In accordance with the present invention the heat absorbent element comprises essentially a series of elongate chains or chain-like elements 35 that are suspended axially in each compartment from a sector shaped grid member 36. The grid 36 is in turn removably supported on brackets 38 which extend radially along the upper end of each partition 14. The chains 35 hang loosely in their respective compartments and terminate at their lower ends in a plane that extends substantially normal to the adjacent end of the rotor shell. Each grid member 36 is formed with an anvil portion 42 that extends radially outward through a sealed opening in the rotor shell to the plenum chamber 44 in order that it' may be. readily contacted by the spring biased cam-hammer 46 mounted on the rotor housing. The cam-hammer 46 includes a hammer portion which is adapted to strike the anvil 42 when the cam is moved from contact with the anvil in response to movement of the rotor about its axis. While the spring-loaded hammer is adapted to give the grill 36 a sharp jolt or rap in response to movement of the rotor about its axis, the spring means 48 resiliently holds the grill 36 continuously adjacent the rotor shell 10 whereby it may be radially displaced when struck by the hammer 46.
In operation the rotation of the rotor about its axis and its depending chains past the cam-hammer 46. As the anvil moves relative to the cam it depresses the cooperating spring whose energy is released when the cam moves out of contact with the anvil 42. The force of the compressed spring moves the hammer against the anvil 42 with a sharp blow, and the chains 35 depending from the grid 36 are accordingly jarred sufficient to remove deposits therefrom.
The manner in which the anvil 42 is rapped or vibrated is of no special significance to the invention, and the simple cam actuator of FIGURE 3 may be readily replaced by a pneumatic or electric actuated hammer 50 of FIGURE 4 whose actuation is not dependent upon the movement of the anvil relative to a cam. Such apparatus is thus adapted for use with heat exchangers of the type having a fixed matrix and flow control means or valves that selectively direct the flow of fluid over the matrix.
When an anvil 42 and its integral grid 36 is rapped or knocked by means of a hammer apparatus in accordance with the invention, the depending chains 35 are agitated and particulate matter deposited thereon is jarred loose whereby it may be re-entrained in the fluid flowing through the compartment and carried from the apparatus. In apparatus of the type defined herein maximum agitation of each chain is obtained at a point in each chain closely adjacent the linkage with which it is connected to the support grid 36, and minimum motion or agitation of each chain is to be found at its remote end. Thus most eflicient operation of the apparatus is to be had if installed to permit its upper end to be subjected to maximum fouling conditions.
In addition to the cleaning action imparted to the chain elements 35 by the action of a hammer upon the anvil 42, a limited degree of continuous movement is imparted to the suspended chains by the flow of the several fluids through the shell 10 and in contact with the chains and by the movement of the rotor.

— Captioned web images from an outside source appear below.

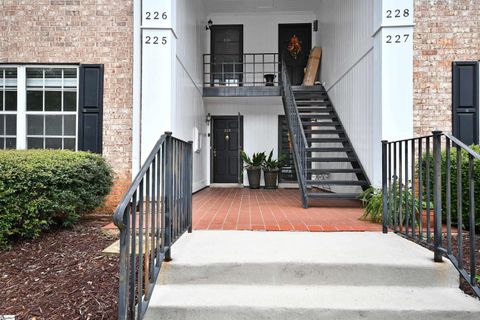 Photo of 925 Cleveland Street Unit 225, Greenville, SC 29601 (MLS # 1577017)
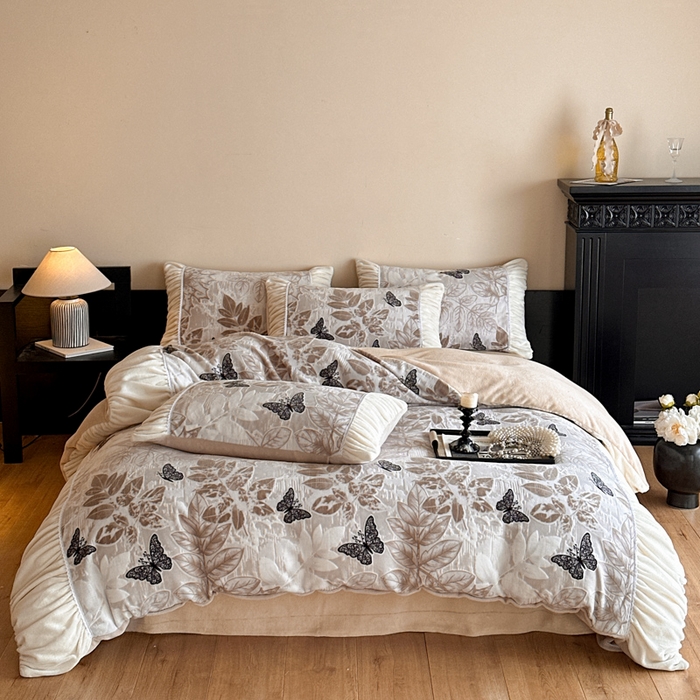 91家纺网 家纺一手货源 找家纺 索飞特家纺 2025新款秋冬法式牛奶绒皱皱边雕花四件套 夏花之梦-卡其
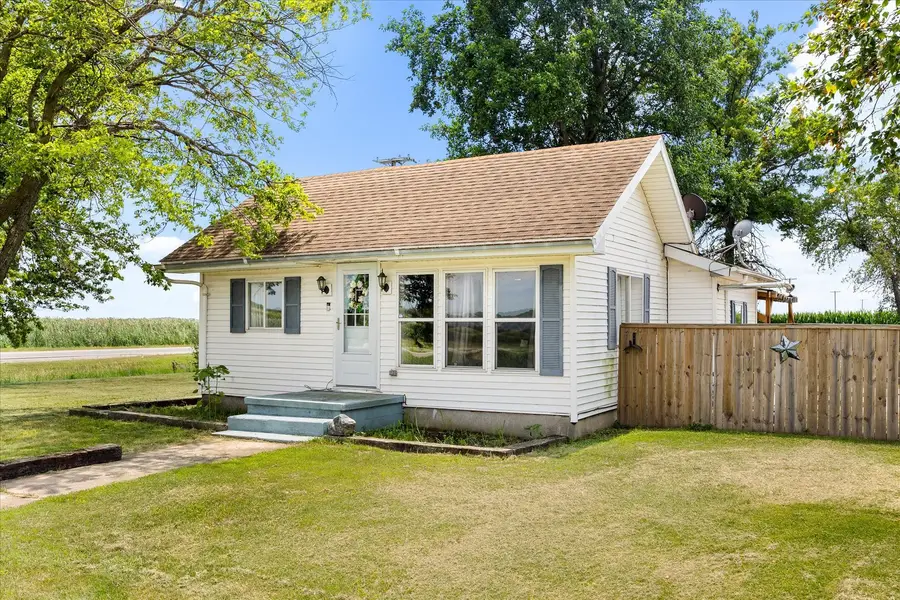 4952 E 3150 North Road, Streator, IL 61364 - #3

Thus the spacing between suspended chains is continuously changing by a limited degree, and adjacent chains help to systematically abrade deposits not otherwise removed by the jarring action imparted to the support grid.
We claim:
1. Regenerative heat exchange apparatus having an upright shell divided by partitions into a series of upright compartments, inlet and outlet ducts in said apparatus for a heating fluid and a fluid to be heated, perforate support means adjacent the upper end of said compartments extending substantially normal to the vertical axis of said shell, and a multiplicity of chain-like elements depending from said perforate support means and extending to the lower end of said shell adapted to absorb heat from the heating fluid and transfer it to the cooler fluid as it flows through the compartments, and means operative to sequentially strike said support means of said series of compartments thereby agitating the chain-like elements depending therefrom and jarring loose particulate material deposited on said chains.
2. Regenerative heat exchange apparatus having an upright shell joined to a central rotor post by radial partitions to form a series of sector-shaped compartments therebetween, a housing surrounding the rotor shell in spaced relation to provide an annular plenum chamber therebetween, apertured end plates at opposite ends of said housing arranged to direct a heating fluid and a fluid to be heated through spaced parts of said rotor, means for rotating the rotor about its axis, a support grid extending across the upper portion of each compartment having an anvil portion traversing an opening in said rotor shell to terminate in the annular plenum chamber between the rotor shell and rotor housing, a
multiplicity of chain-like elements in each compartment depending from said support grid, means resiliently biasing said grid radially outward, and means adapted to agitate said chain-like elements when the rotor is rotated about its axis by striking said anvil a generally radially inward directed blow 3. Regenerative heat exchange apparatus having an upright shell joined to a central rotor post by radial partitions to form a series of sector-shaped compartments therebetween, apertured end plates at opposite ends of spaced relation to provide an annular plenum chamber therebetween, apertured end plates at opposite ends of thehousing arranged to direct a heating fluid and a fluid to be heated through spaced parts of the rotor, means for rotating the rotor about its axis, bracket means aflixed to the upper end of each radial partition, a support grid lying on said brackets having an anvil portion traversing an opening in the rotor shell and terminating in the annular chamber between the rotor shell and the rotor housing, a multiplicity of chain-like elements in each compartment depending loosely from said support grid and terminating adjacent the lower end of said rotor shell, and a hammer means mounted on said housing adapted to engage said anvil and impart a rapping motion to the grid supporting said chain-like elements.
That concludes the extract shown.